Saved entries
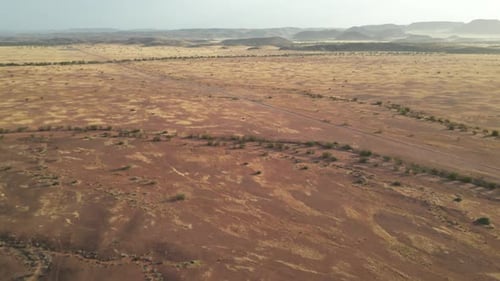 Drone aerial view in Namibia desert flying over red rocky mountains on a sunny day surrounded by
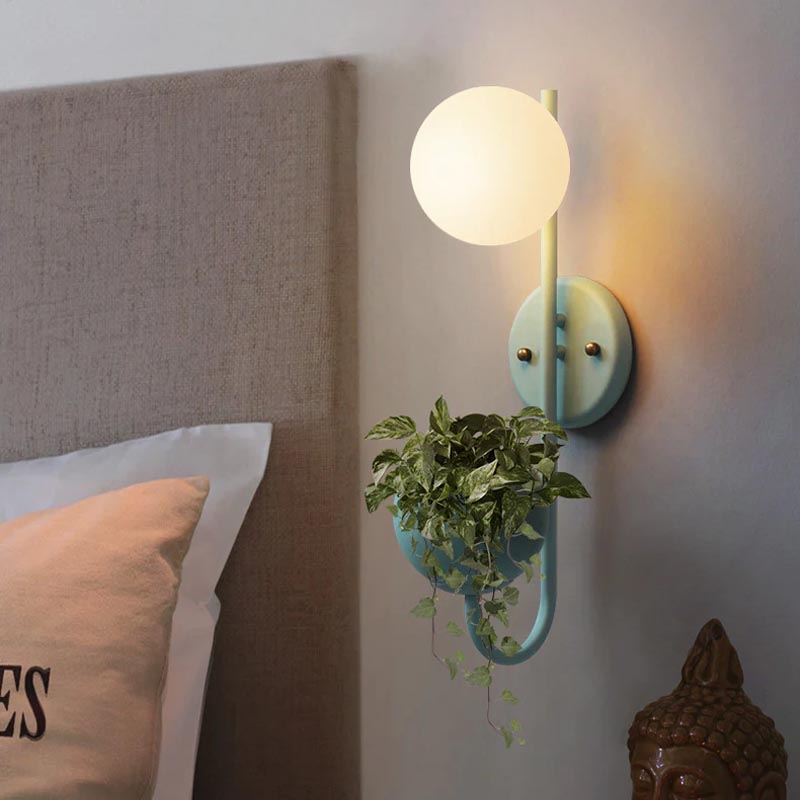 Verena Botanic Wall Lamp with an integrated plant holder in a cozy living room setting.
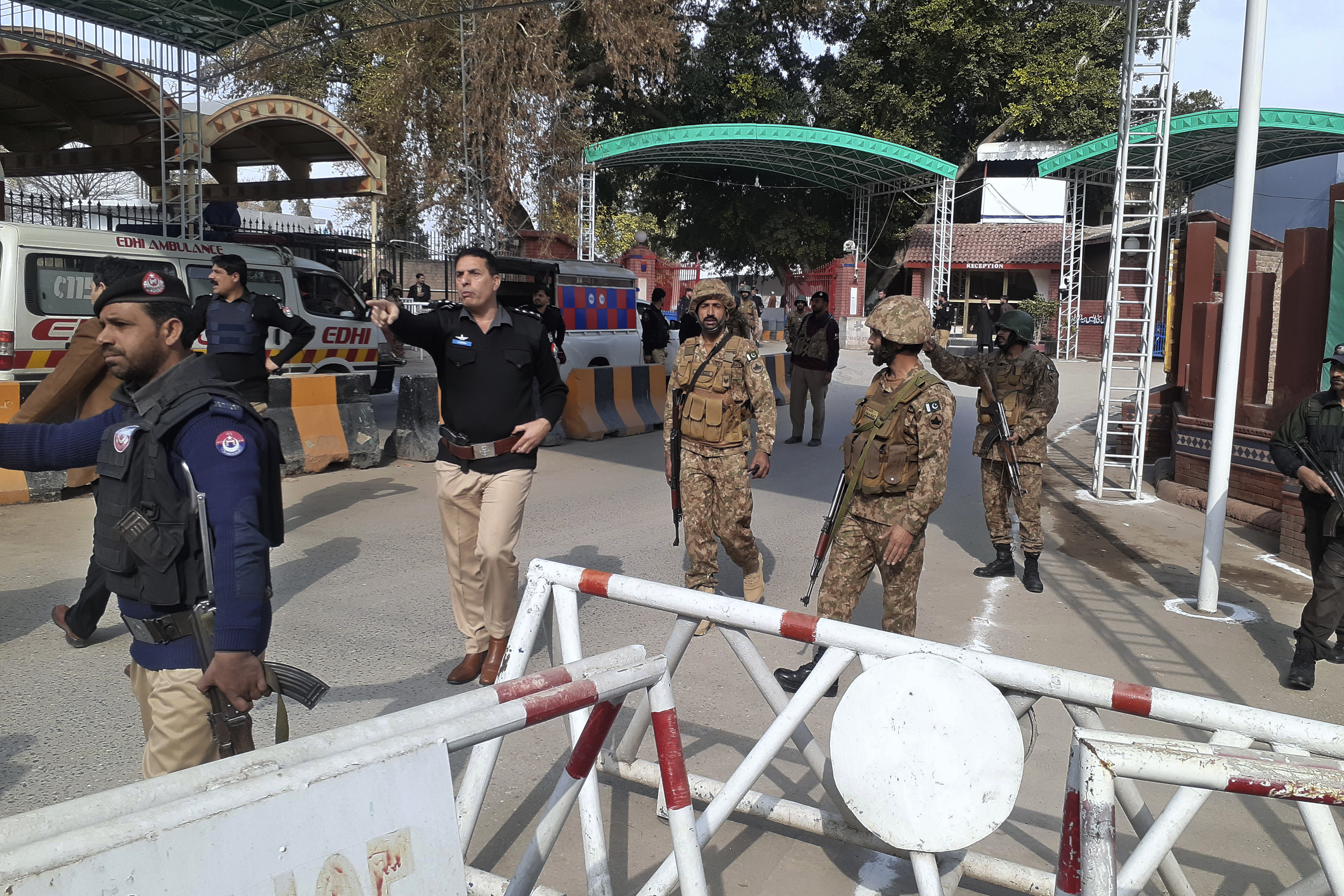 Army soldiers and police officers clear the way for ambulances rushing toward a bomb explosion site, at the main entry gate of police offices, in Peshawar, Pakistan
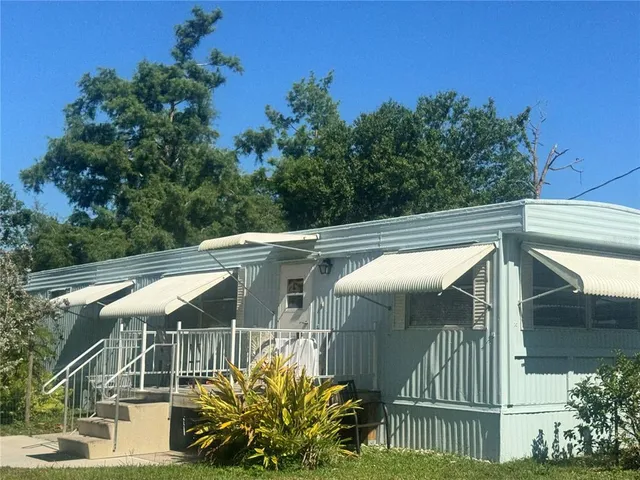 a view of a patio with a table and chairs under an umbrella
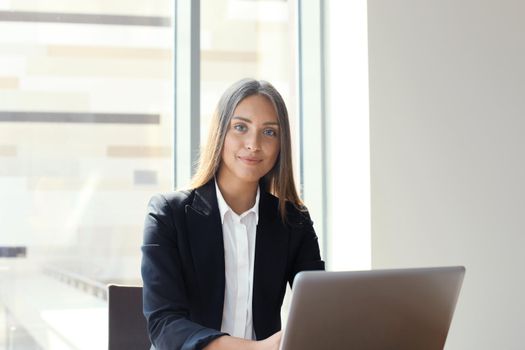 Portrait of a cheerful young businesswoman sitting at the table in office and looking at camera.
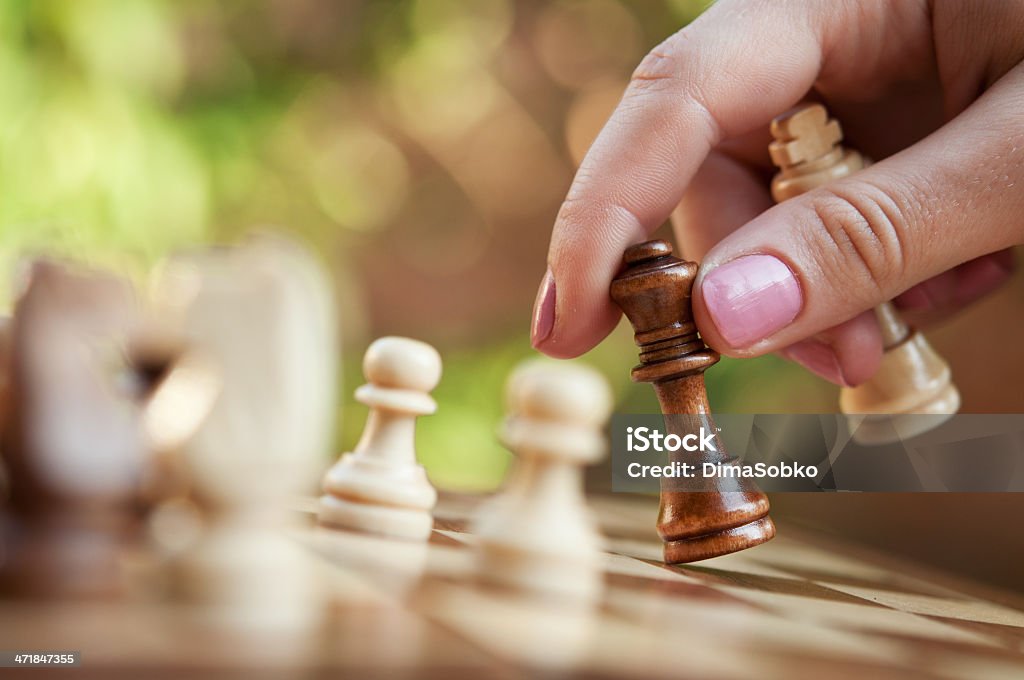 woman playing chess woman playing chess and hold queen Arts Culture and Entertainment Stock Photo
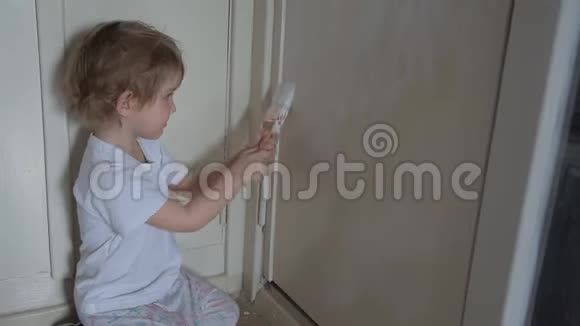 一个可爱活泼的小女孩用刷子和油漆粉刷了门染了手指视频的预览图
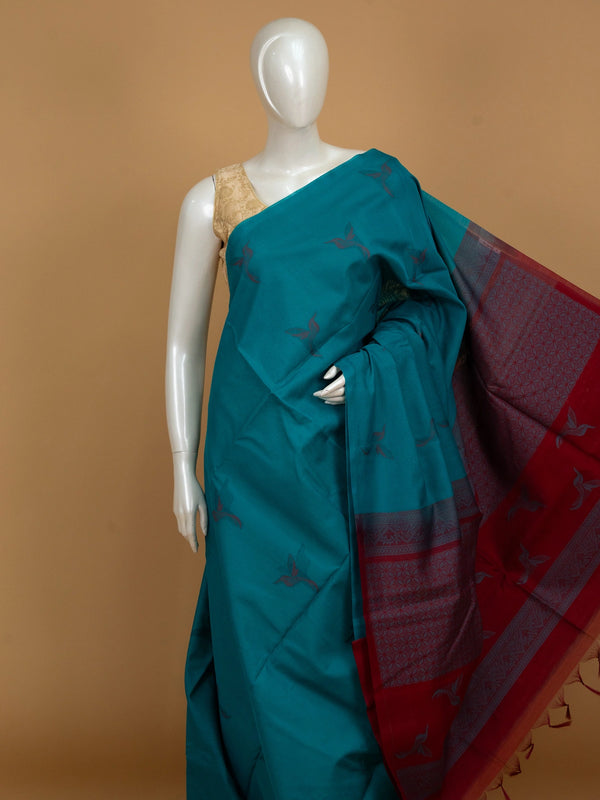 Teal blue pure silk cotton saree with woven bird motifs and contrast red pallu and border
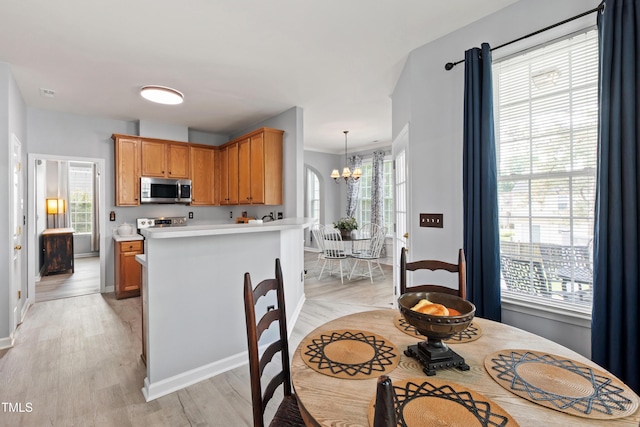dining area featuring a chandelier, light wood-type flooring, and baseboards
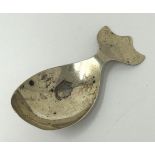 A Continental silver coloured metal novelty caddy spoon, in the form of a whale, marks rubbed, 8.7 g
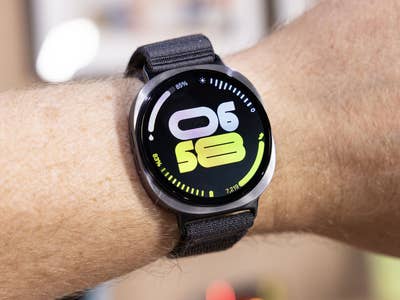 A Samsung Galaxy Watch 8 displaying the time 06:58 with a black strap.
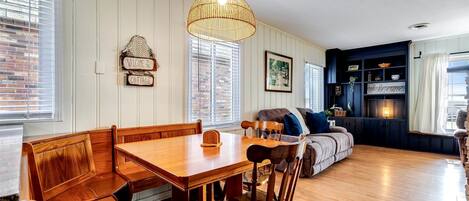 A dining area with a wooden table and benches, a sofa, and a hanging light fixture.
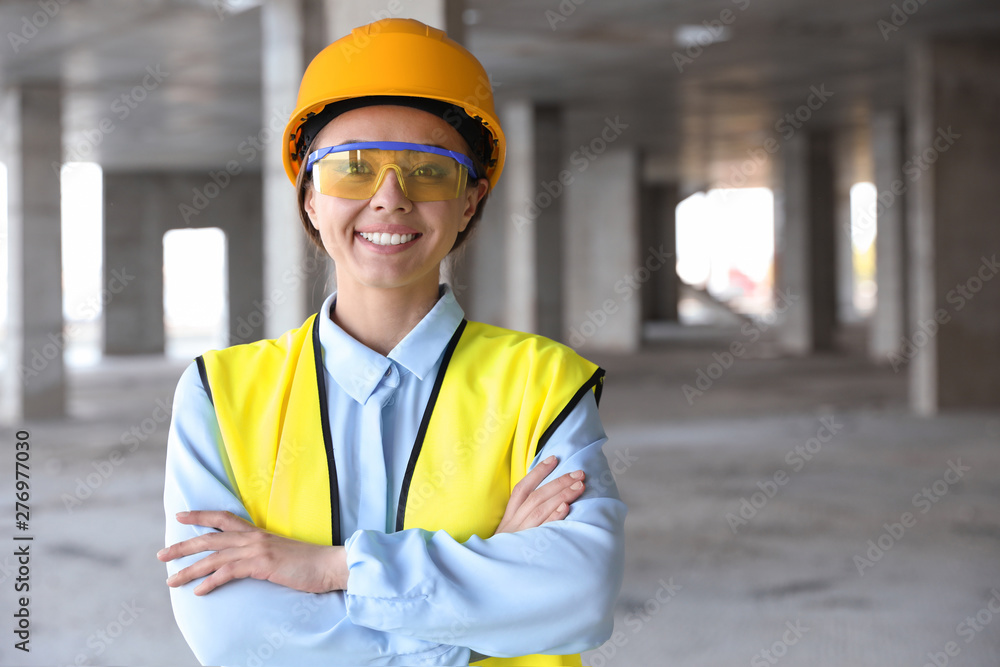 Professional engineer in safety equipment at construction site, space for text Professional engineer in safety equipment at construction site, space for text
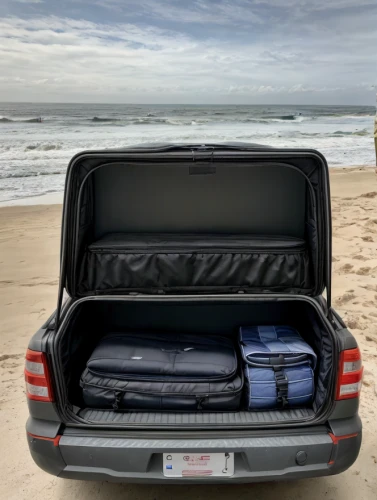 suitcases,steamer trunk,luggage compartments,suitcase in field,air mattress,vehicle cover,buick rendezvous,beach furniture,mercedes-benz gls,automotive carrying rack,toyota comfort,luggage and bags,luggage set,beach tent,surfing equipment,the beach fixing,camping car,trunk,weekendtravel,packed up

● **WHAT YOU ARE ASKED TO DO**:
Without the pictures, give every line of the data again, exactly as written.

● **OUTPUT OF THE TASK**:
 Drone aerial view in Namibia desert flying over red rocky mountains on a sunny day surrounded by
 Verena Botanic Wall Lamp with an integrated plant holder in a cozy living room setting.
 Army soldiers and police officers clear the way for ambulances rushing toward a bomb explosion site, at the main entry gate of police offices, in Peshawar, Pakistan
 a view of a patio with a table and chairs under an umbrella
 Portrait of a cheerful young businesswoman sitting at the table in office and looking at camera.
 woman playing chess woman playing chess and hold queen Arts Culture and Entertainment Stock Photo
 一个可爱活泼的小女孩用刷子和油漆粉刷了门染了手指视频的预览图
 Teal blue pure silk cotton saree with woven bird motifs and contrast red pallu and border
dining area featuring a chandelier, light wood-type flooring, and baseboards
 A Continental silver coloured metal novelty caddy spoon, in the form of a whale, marks rubbed, 8.7 g
 A Samsung Galaxy Watch 8 displaying the time 06:58 with a black strap.
 A dining area with a wooden table and benches, a sofa, and a hanging light fixture.
 Professional engineer in safety equipment at construction site, space for text Professional engineer in safety equipment at construction site, space for text
 suitcases,steamer trunk,luggage compartments,suitcase in field,air mattress,vehicle cover,buick rendezvous,beach furniture,mercedes-benz gls,automotive carrying rack,toyota comfort,luggage and bags,luggage set,beach tent,surfing equipment,the beach fixing,camping car,trunk,weekendtravel,packed up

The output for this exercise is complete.